Adweek pulled over six of the coolest marketing rides on the road, wanting to know whether they were worth the gas money. Here’s what they told us.

Le Creuset Truckette (2011)

“From food festivals to store openings, the Truckette’s been a great icon for us. It draws attention wherever it goes. I would argue that physical marketing vehicles are especially relevant in the digital age. People love talking about it on social media platforms. We’ve even had people jumping on Facebook to ask if the Truckette will ever come to Hong Kong.”

—Will Copenhaver, marketing communications director, Le Creuset

Zippomobile (1947)

“It’s a monster that’s 16 feet long, 12 feet high and 2½ tons—and it gets attention better than any marketing tool we have. People still need to be awed by physical things, and this makes you stop and appreciate the quirkiness of the brand. We take it to Nascar races, car shows, motorcycle events. We’ll take your picture with it, and you can go and download it online. Everyone wants to be seen with the car, just to prove that it’s real.”

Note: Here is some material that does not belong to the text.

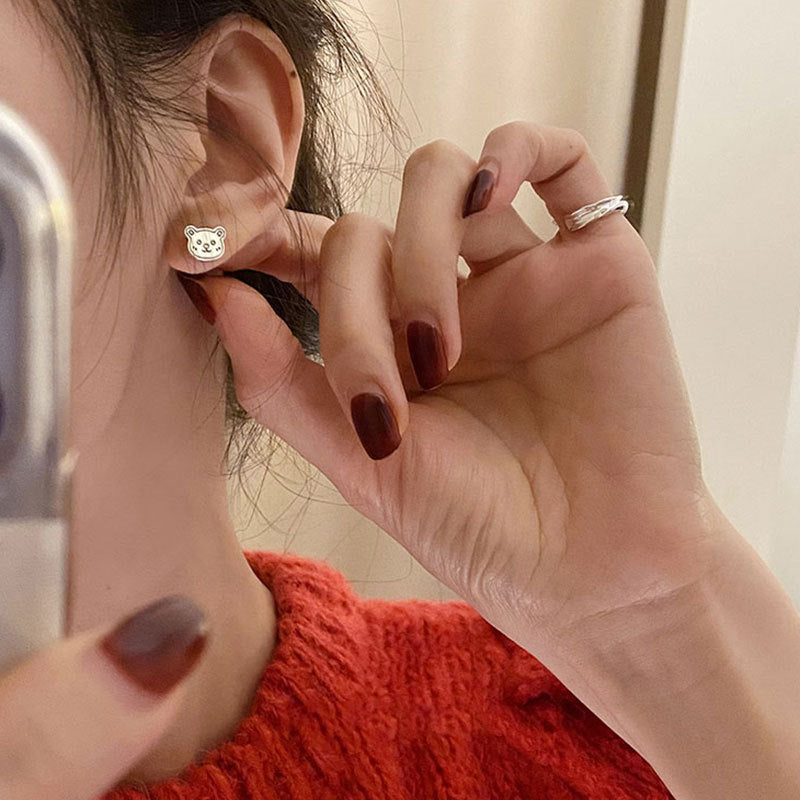 Argent Boucle d'oreille charmant pour toute occasion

—Brent Tyler, global brand manager, Zippo

Peepster (2003)

“We visit high-traffic locations and special events. The reaction is spectacular. We’ve had fans, even the police and firefighters follow us honking their horns until we pull over for a photograph—and some Peeps. It’s the perfect way to bring social and digital media together. A Peepster sighting is worthy of a tweet, a wall post or a blog mention, and we appreciate every one of them.”